Every line below needs to be printed again exactly, without any of its pictures.

Available data:
....................
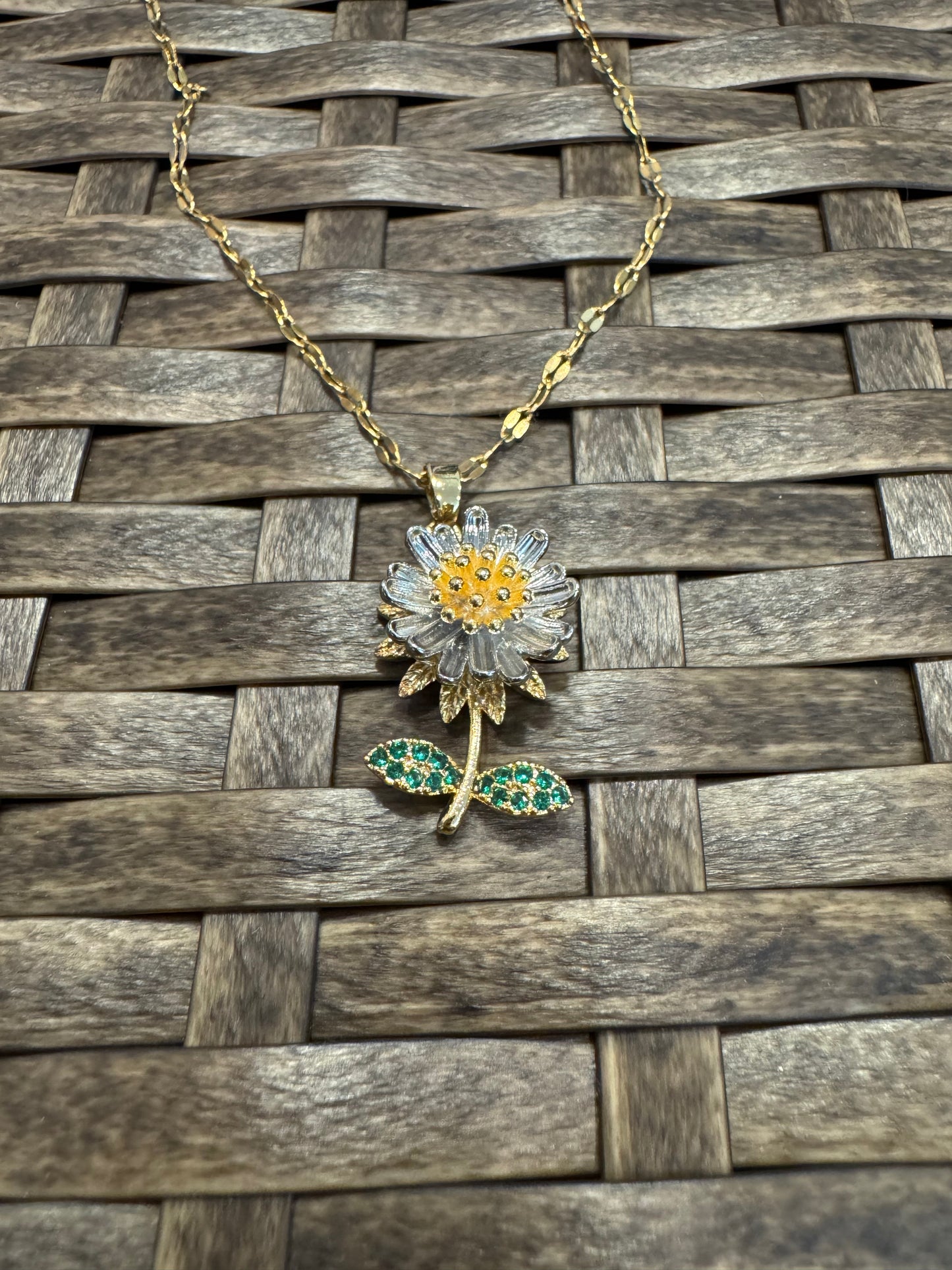 Gold Spinning Sunflower (Type #4) Necklace with Cubic Zirconia – Anxiety Relief Jewelry (Copy) (Copy)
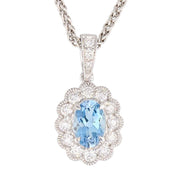 Oval Aquamarine in White Gold Halo Pendant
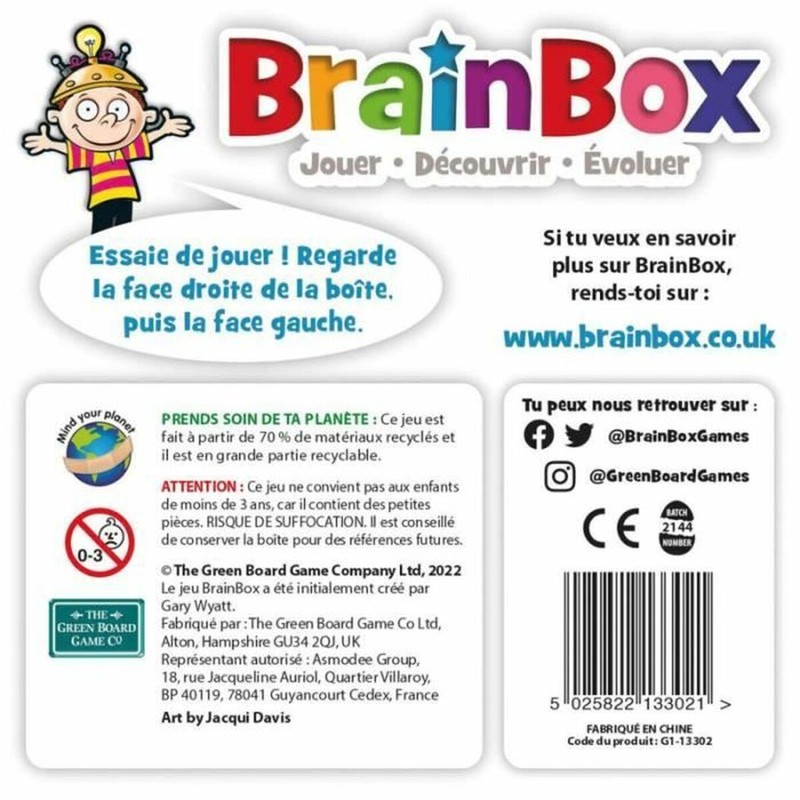 BrainBox Asmodee Niños juego aprendizaje bilingüe español francés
....................
Result for this task:
 Gold Spinning Sunflower (Type #4) Necklace with Cubic Zirconia – Anxiety Relief Jewelry (Copy) (Copy)
 Oval Aquamarine in White Gold Halo Pendant
 BrainBox Asmodee Niños juego aprendizaje bilingüe español francés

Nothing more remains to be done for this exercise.